▶ [Work item]
Write out, exactly and in full, the records given below, but not their pictures.

▶ [Dataset content]
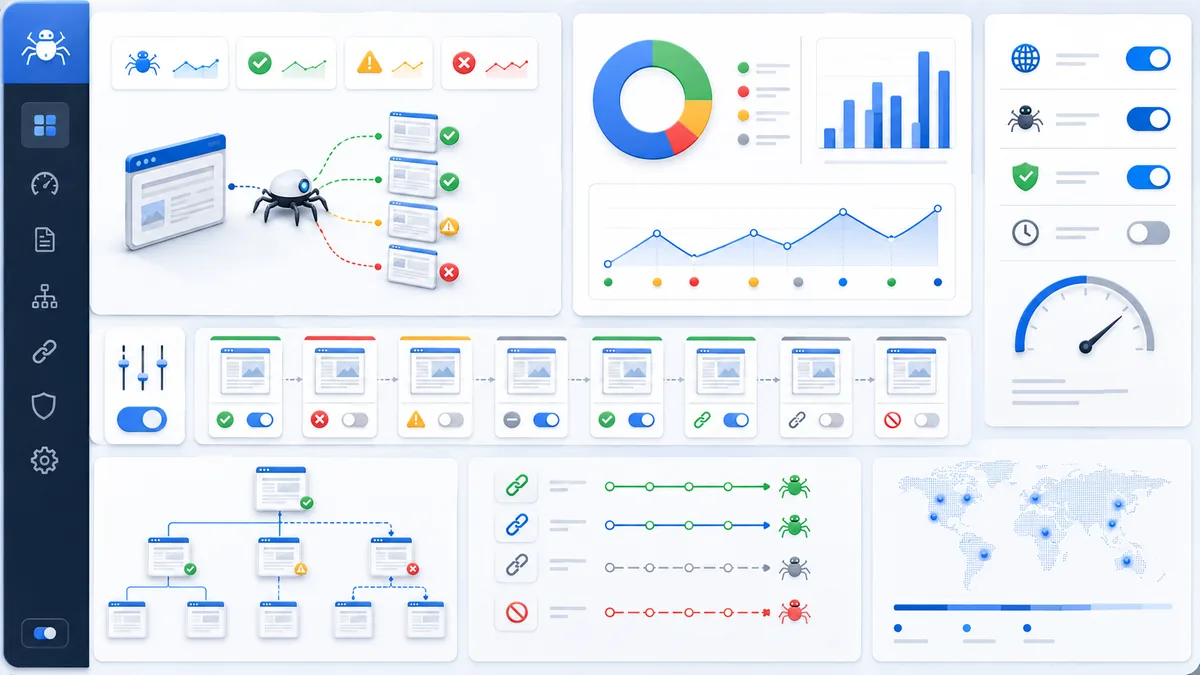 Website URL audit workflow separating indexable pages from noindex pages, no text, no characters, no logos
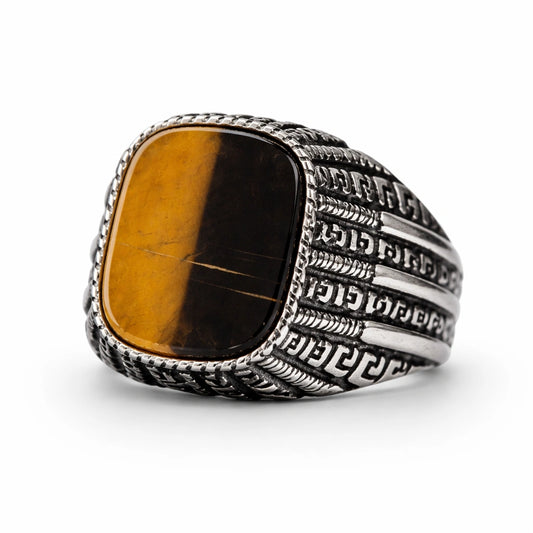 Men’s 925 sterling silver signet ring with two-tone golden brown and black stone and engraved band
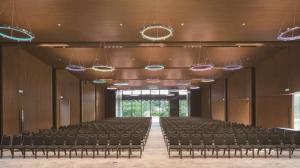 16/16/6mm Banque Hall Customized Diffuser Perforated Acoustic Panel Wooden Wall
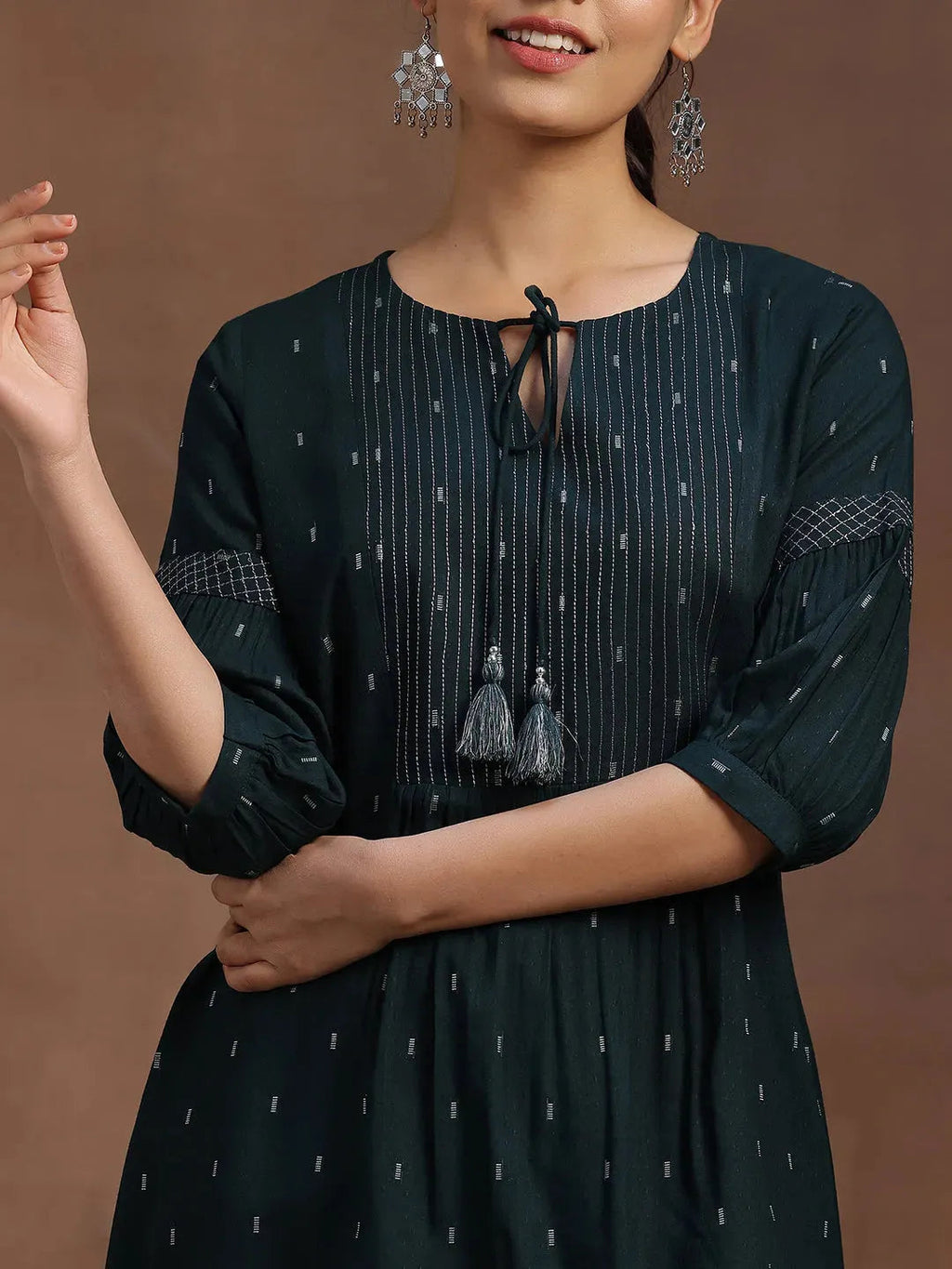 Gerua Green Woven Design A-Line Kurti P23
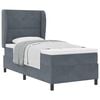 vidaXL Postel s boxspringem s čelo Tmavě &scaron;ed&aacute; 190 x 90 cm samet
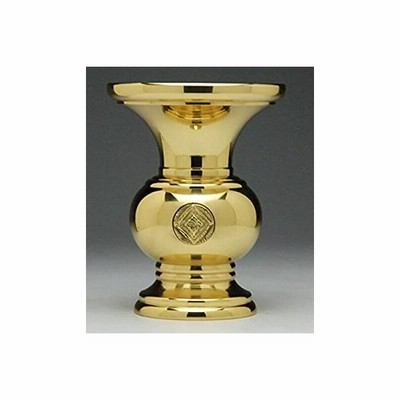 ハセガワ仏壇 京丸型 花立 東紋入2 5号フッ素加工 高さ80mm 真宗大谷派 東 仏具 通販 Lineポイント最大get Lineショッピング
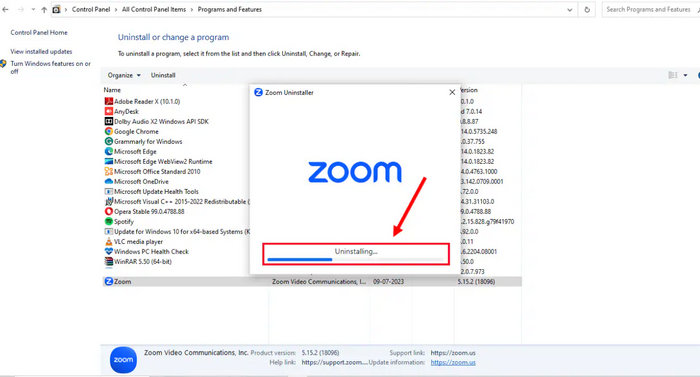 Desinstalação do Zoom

▶ [Your response]
 Website URL audit workflow separating indexable pages from noindex pages, no text, no characters, no logos
 Men’s 925 sterling silver signet ring with two-tone golden brown and black stone and engraved band
 16/16/6mm Banque Hall Customized Diffuser Perforated Acoustic Panel Wooden Wall
 Gerua Green Woven Design A-Line Kurti P23
 vidaXL Postel s boxspringem s čelo Tmavě &scaron;ed&aacute; 190 x 90 cm samet
 ハセガワ仏壇 京丸型 花立 東紋入2 5号フッ素加工 高さ80mm 真宗大谷派 東 仏具 通販 Lineポイント最大get Lineショッピング
 Desinstalação do Zoom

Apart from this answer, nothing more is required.